The millennial urban lifestyle is about to get more expensive (The Atlantic)
+ Profits are an old-fashioned lesson getting new attention in the private markets: "If you wake up on a Casper mattress, work out with a Peloton before breakfast, Uber to your desk at a WeWork, order DoorDash for lunch, take a Lyft home, and get dinner through Postmates, you’ve interacted with seven companies that will collectively lose nearly $14 billion this year."
How Emily Weiss’s Glossier grew from millennial catnip to billion-dollar juggernaut (Vanity Fair)
+ This is what it looks like to ride the current millennial instagram and internet marketing trends to billion-dollar status.
New Google local discovery tool: search by photos (Blumenthals)
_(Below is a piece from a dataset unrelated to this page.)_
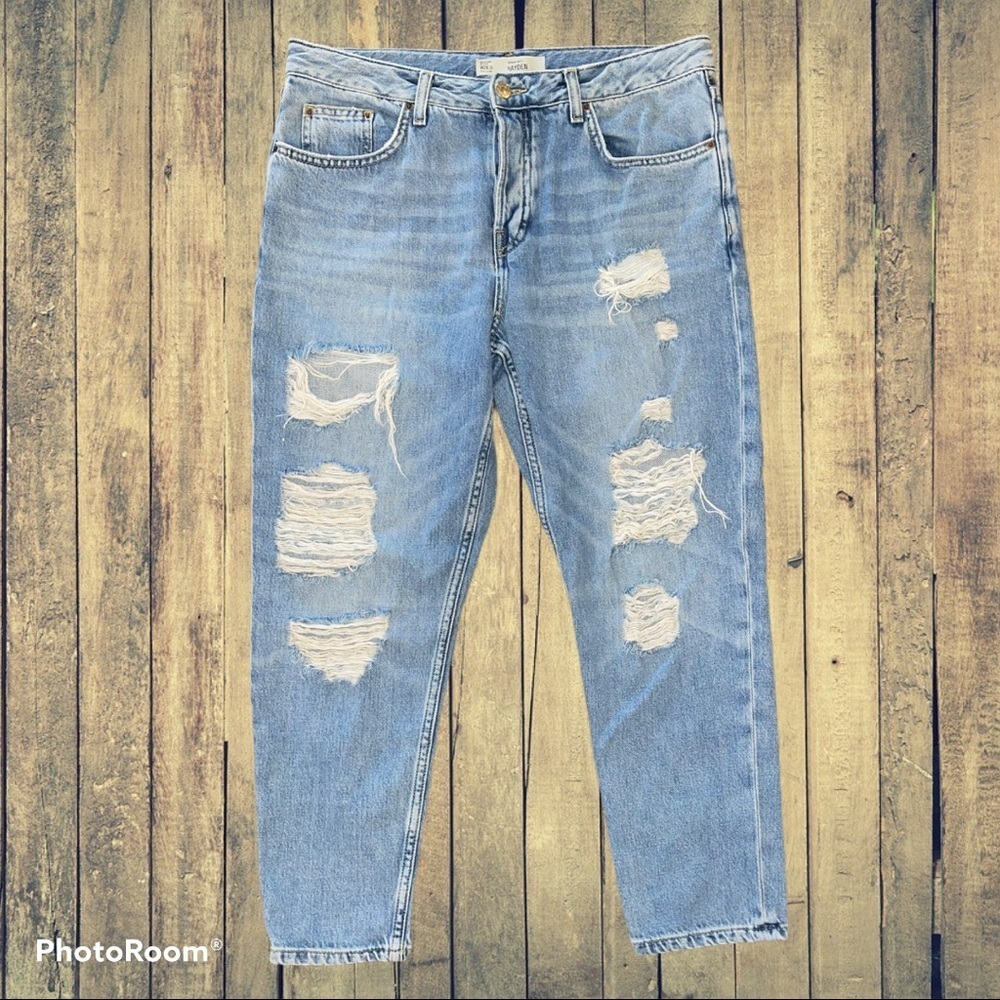 TOPSHOP Hayden Boyfriend Ripped Denim Jeans - Picture 3 of 9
+ This new Google feature showing images for business results could be a game-changer for small businesses showcasing their products online.
Some businesses bet that tackling burnout will boost bottom lines (The Hustle)
+ Employers are beginning to explore potential ways to deal with increased workplace-related mental health issues to cut healthcare-related costs: "Increased workloads, limited staff and resources, and crazy-long hours are common contributors to the problem. Meanwhile, living expenses are out of control for many younger workers, and that student loan debt ain’t goin’ nowhere. On top of that, there’s a deeply ingrained notion that work shouldn’t just bring in money; it should also provide a sense of identity. The feeling is so pervasive, some go so far as to call “workism” the new religion."
This Chilean startup could help people consume less plastic (The Hustle)
+ Algramo, a bulk dry goods company, is attempting to solve the overabundance of plastic trash by offering large discounts on consumable goods when customers refill their Algramo-branded reusable containers.